RIO - O universo das canções de Luís Capucho encontra uma boa definição nos versos iniciais de seu segundo CD, "Cinema Íris", que o compositor lança nesta sexta, às 20h, na Multifoco, na Lapa. Ele canta: "Poucos fazem como faço/ Que estou sempre na beirinha/ (...) Daqui pra lá é o fim". Seu olhar a partir dessa zona-limite resulta numa poética única na música brasileira, que aproxima crueza de submundo — de homens se masturbando vendo um striptease no cinema, mendigos — e doçura romântica.
— Quando você é romântico, não importa onde está. Pode ser num parque de diversões ou num cinema pornô — diz Capucho, que, junto com o disco, lança seu terceiro romance, "Mamãe me adora", às 18h. — Porque no parque, o que te puxa para o romantismo é a música nas caixas. Lembro de ouvir jovem guarda. E no filme pornô, é impossível não prestar atenção na música, que é romântica.
O CD passeia por lirismo denso, reflexão do cotidiano, soul quase brega, tributo indireto a Roberto & Erasmo (sua "O motorista de ônibus" é um "As curvas da estrada de Santos" num coletivo). De alguma forma, sintetiza a trajetória de Capucho. O cafona ouvido na infância e adolescência, a descoberta da homossexualidade, a MPB que é a grande referência, a participação no disco coletivo "Ovo" (que apresentava uma geração de artistas como Pedro Luís e Fred Martins) e o espancamento sofrido em 1997, que o levou a um coma.
— Minha voz e minha capacidade motora de tocar violão foram afetados — conta. — Minha escola é a MPB, que é mais sofisticada, e minhas canções, pela limitação física, acabaram ficando mais simples, baseadas em acordes maiores e e menores. Mas, por um acaso feliz, o violão rude e a voz estranha casam bem com minha temática.
‘Não gosto de poesia’
A voz estranha que, ele nota, está "mais melodiosa" do que a que aparece em "Lua singela", o CD de 2002 ("Estava mais próximo do coma").
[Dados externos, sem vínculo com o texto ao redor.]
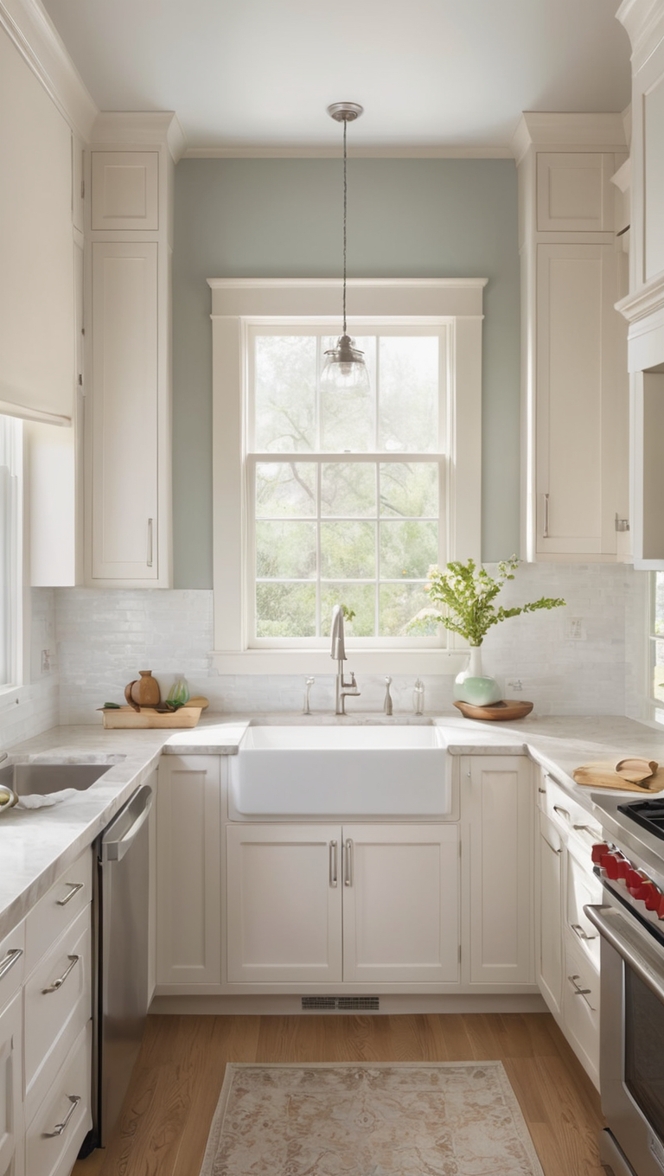 white oak cabinets, custom white oak cabinets, modern white oak kitchen, white oak cabinetry, durable white oak cabinets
Mas a aspereza de seu canto e de seu violão ainda é a base. Sobre ela, entram outros timbres sob o comando do produtor e tecladista Paulo Baiano e do diretor artístico Marcos Sacramento, que participa também como cantor — há ainda convidados como a cantora Suely Mesquita e a harpista Cristina Braga. Todos a serviço dos versos secos de Capucho:
— Não gosto de poesia. Quanto mais poético, mais longe da fala, mais você cria buracos. E quero ser entendido.